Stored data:
========================

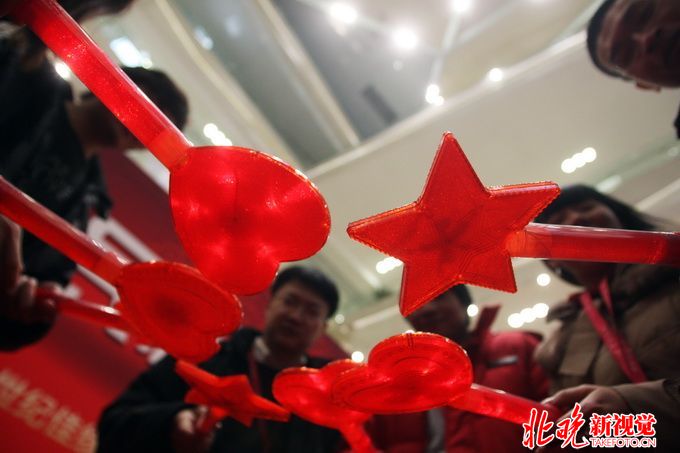 女生10天8場相親 大齡單身：上大學就相親叫我們情何以堪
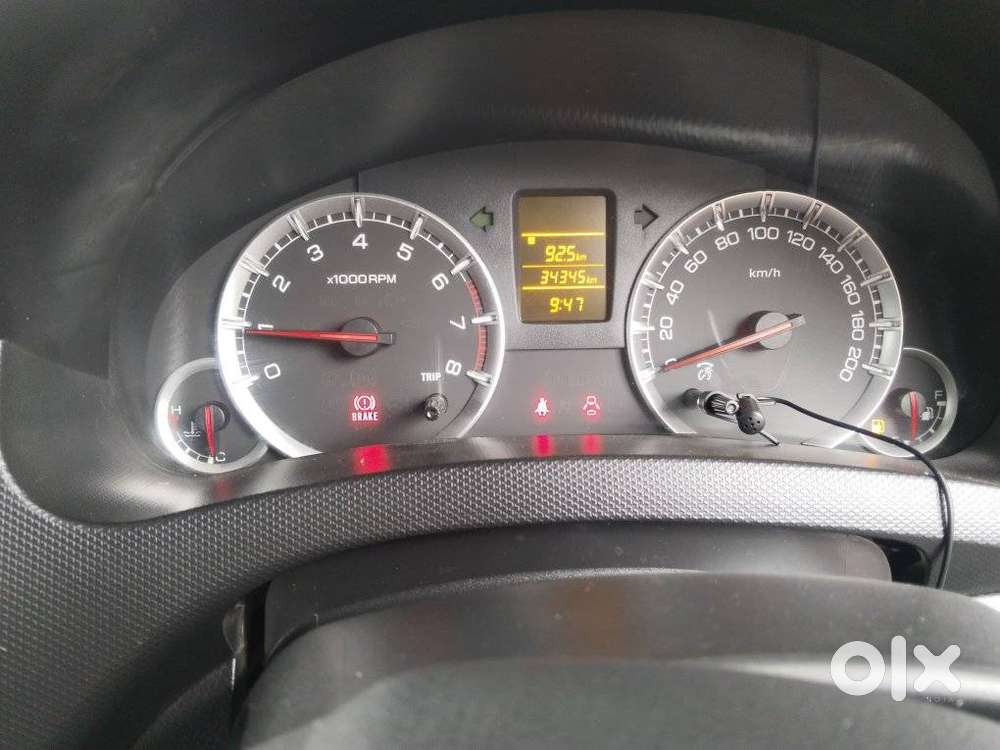 Maruti Suzuki Swift Vxi 1.2 Abs Bs-iv, 2015, Petrol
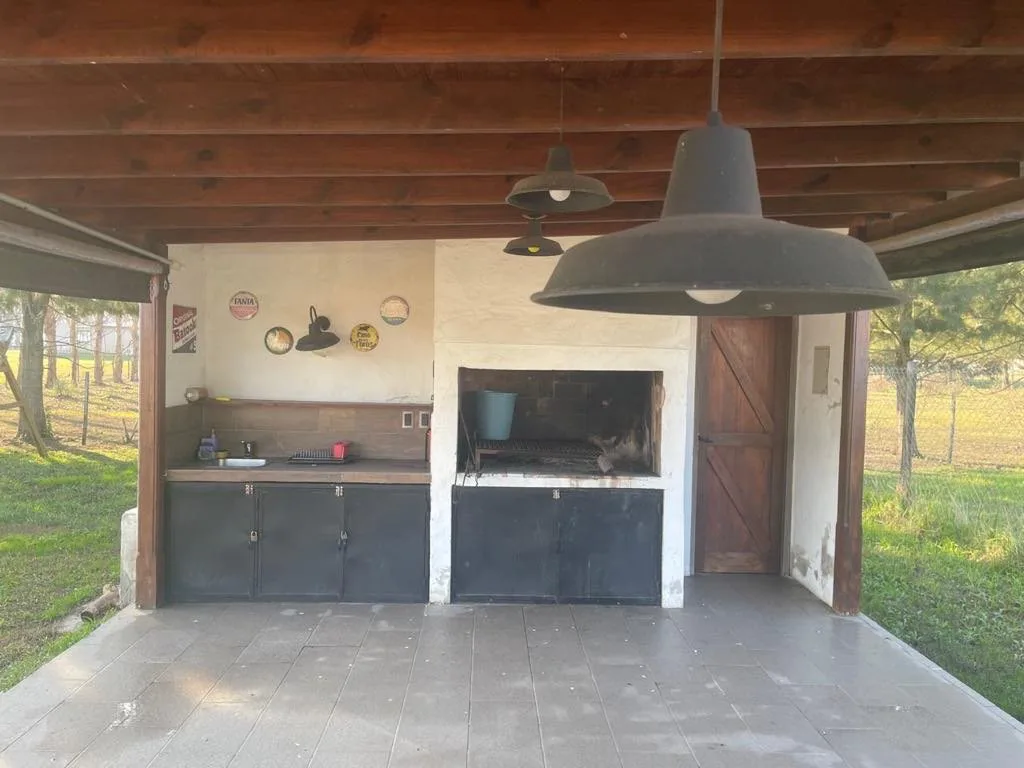 Lote con Quincho y Pileta en Barrio Los Olivos - Monte foto 2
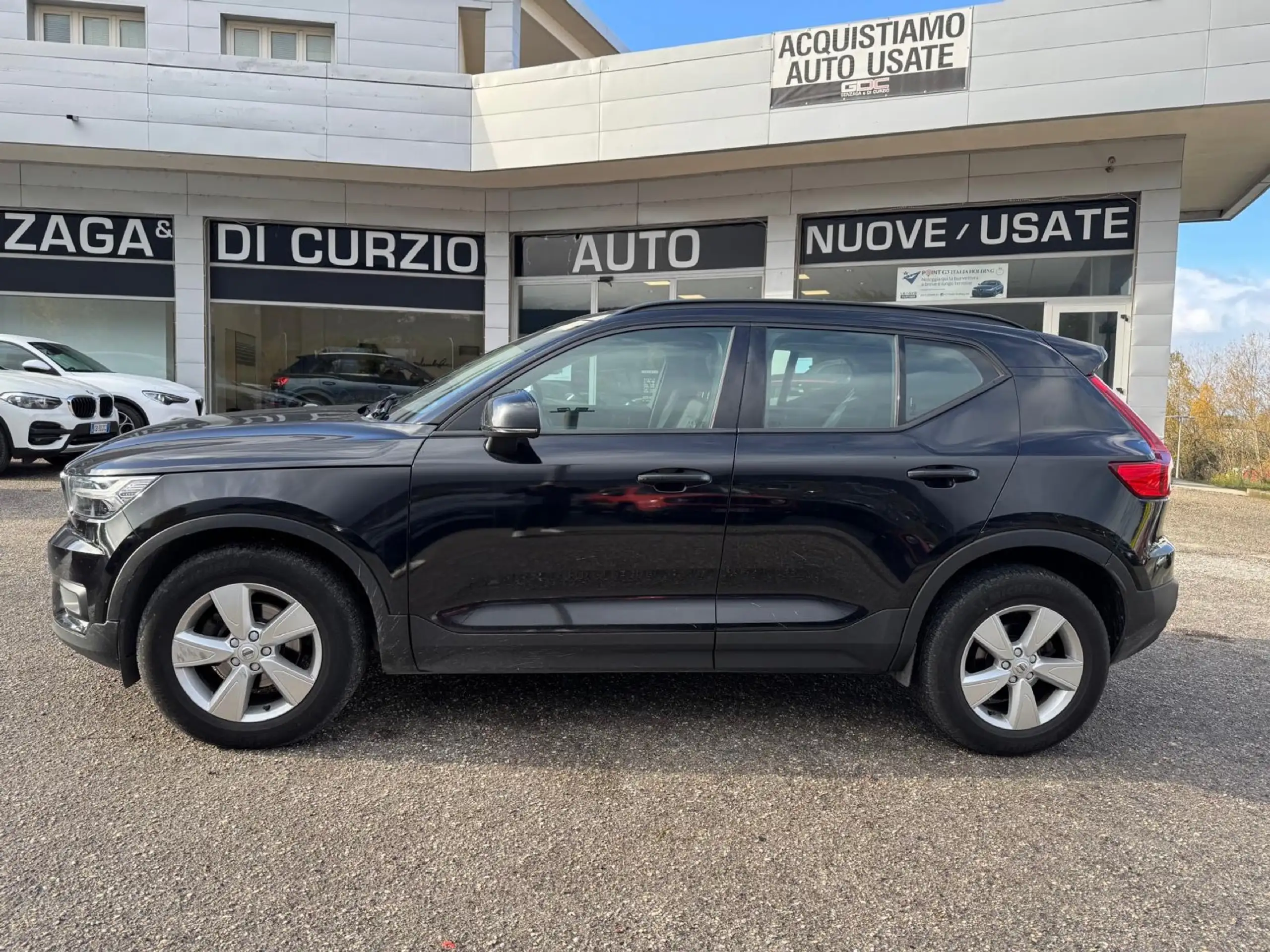 Volvo - XC40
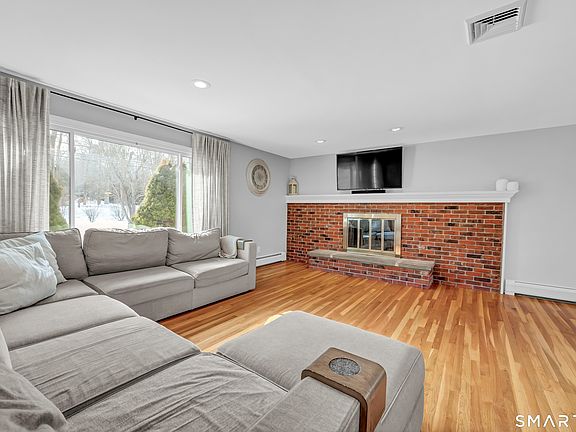 5th image of 23 Federal Road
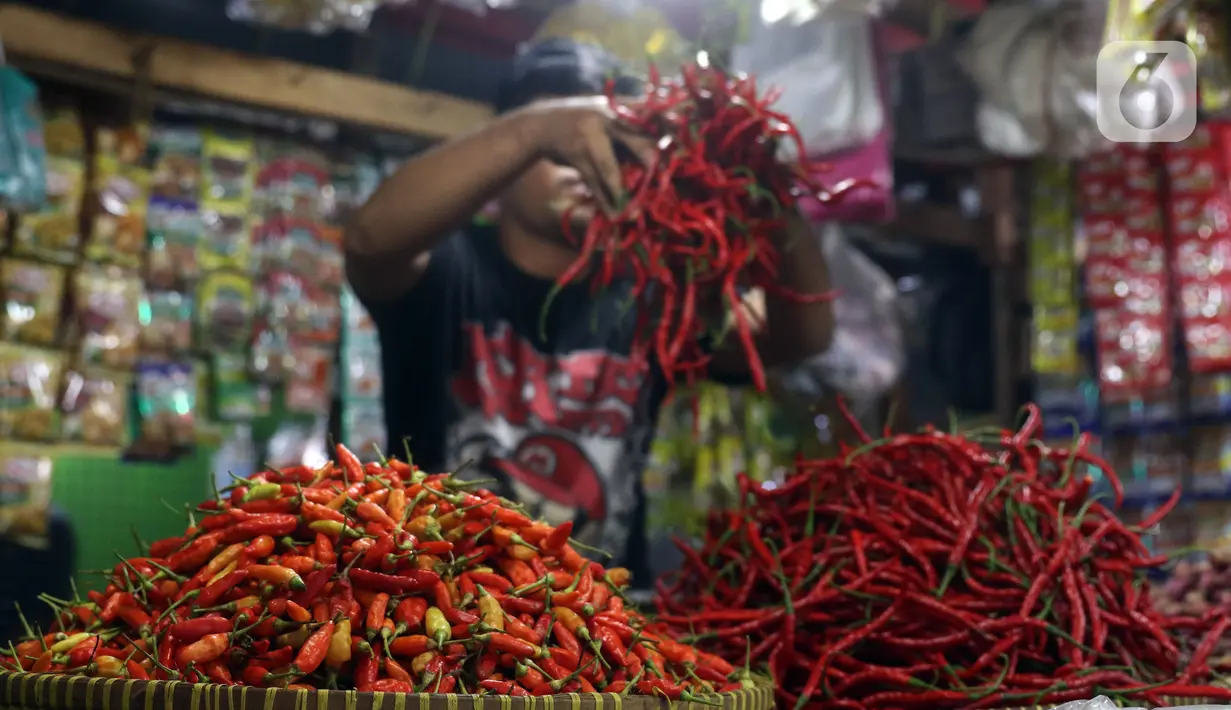 Pedagang menata cabai di Pasar Lembang, Tangerang, Banten, Selasa (21/12/2021). Jelang Natal, harga cabai rawit merah alami kenaikan hingga menembus Rp 100 ribu per kilo. (Liputan6.com/Angga Yuniar)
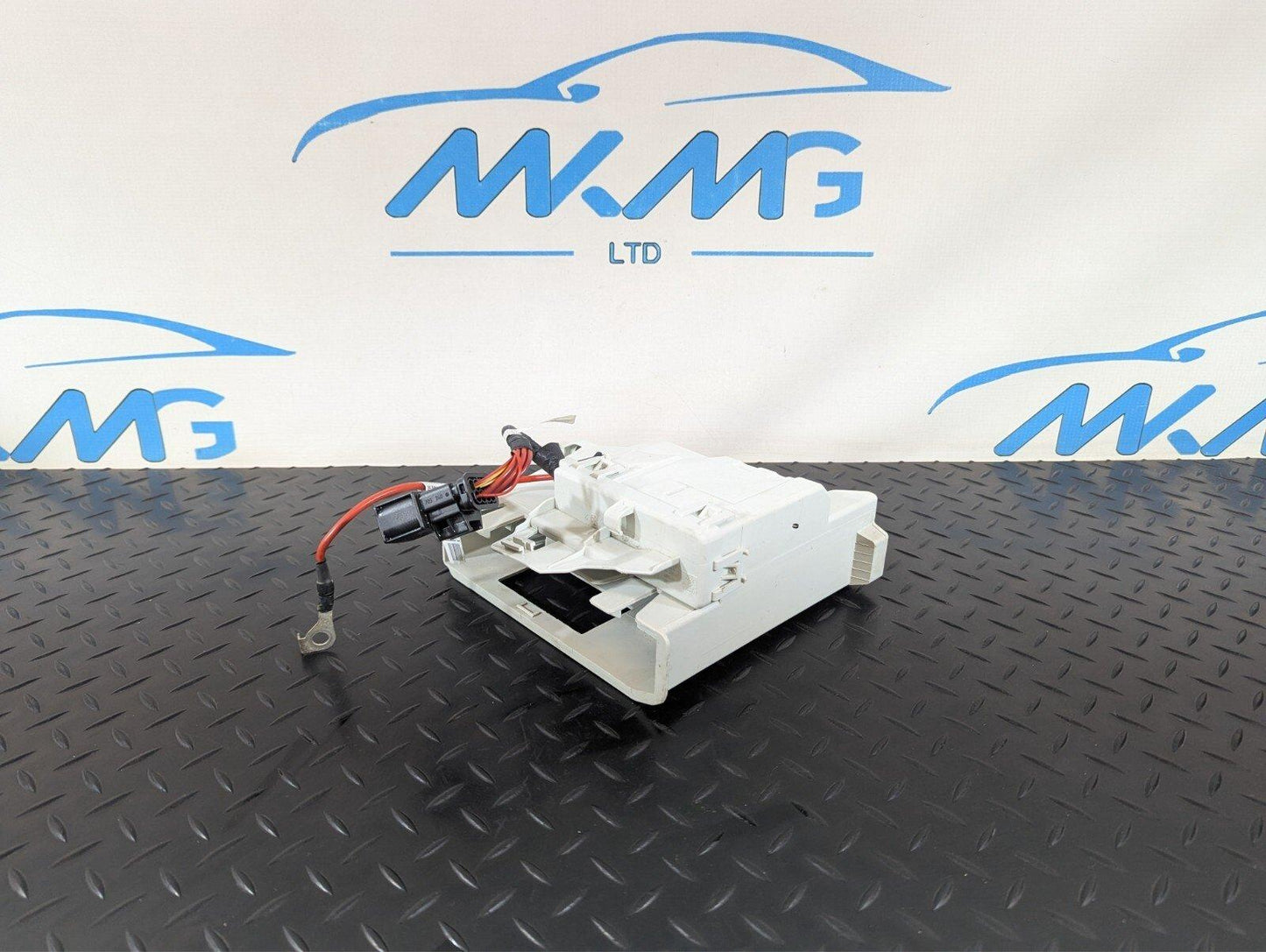 16-22 BMW X1 F48 GENUINE OEM ELECTRONIC DEVICE TOOL SUPPORT BOX & WIRING 8573956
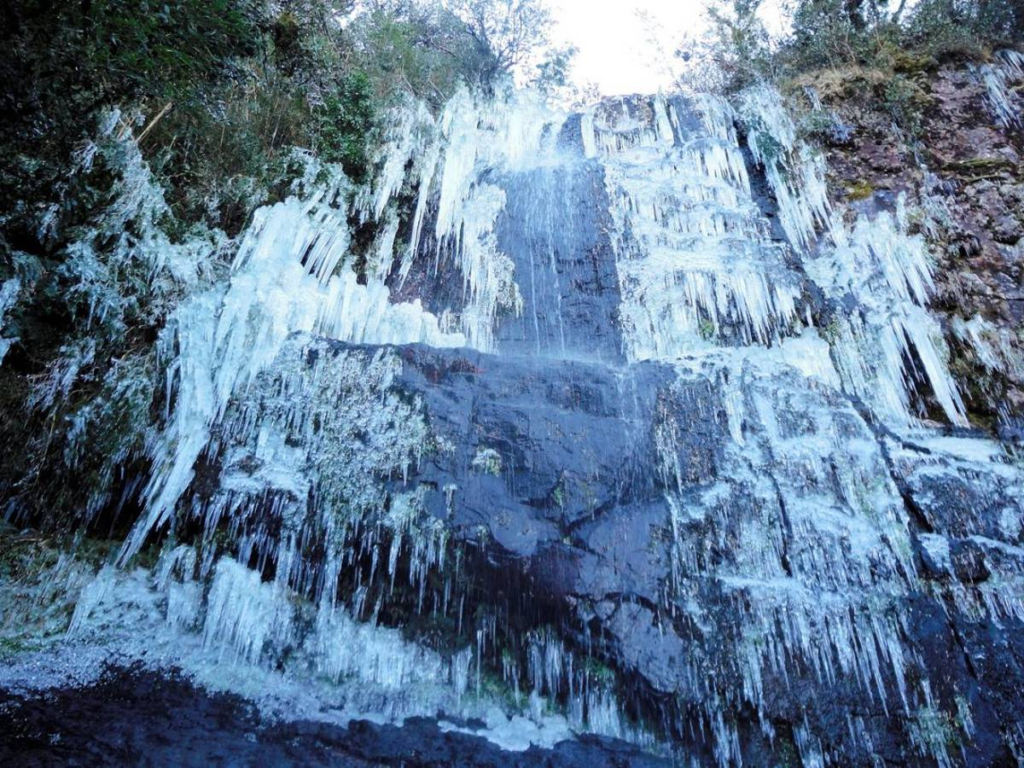 Avencal-Wasserfall, gefrorener Wasserfall
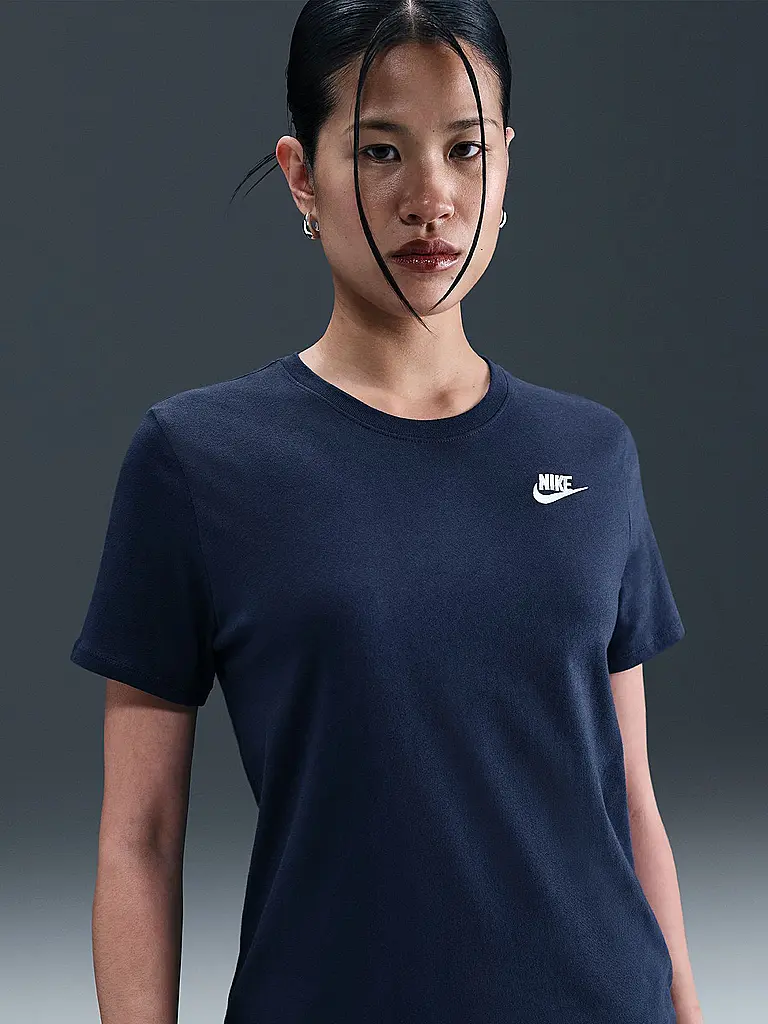 NIKE | T-shirt Femme Sportswear Club Essentials |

========================

**ASSIGNED TASK:**
Except for the pictures, set down each line of the records exactly as it appears.

**RESPONSE BELOW:**
 女生10天8場相親 大齡單身：上大學就相親叫我們情何以堪
 Maruti Suzuki Swift Vxi 1.2 Abs Bs-iv, 2015, Petrol
 Lote con Quincho y Pileta en Barrio Los Olivos - Monte foto 2
 Volvo - XC40
 5th image of 23 Federal Road
 Pedagang menata cabai di Pasar Lembang, Tangerang, Banten, Selasa (21/12/2021). Jelang Natal, harga cabai rawit merah alami kenaikan hingga menembus Rp 100 ribu per kilo. (Liputan6.com/Angga Yuniar)
 16-22 BMW X1 F48 GENUINE OEM ELECTRONIC DEVICE TOOL SUPPORT BOX & WIRING 8573956
 Avencal-Wasserfall, gefrorener Wasserfall
 NIKE | T-shirt Femme Sportswear Club Essentials |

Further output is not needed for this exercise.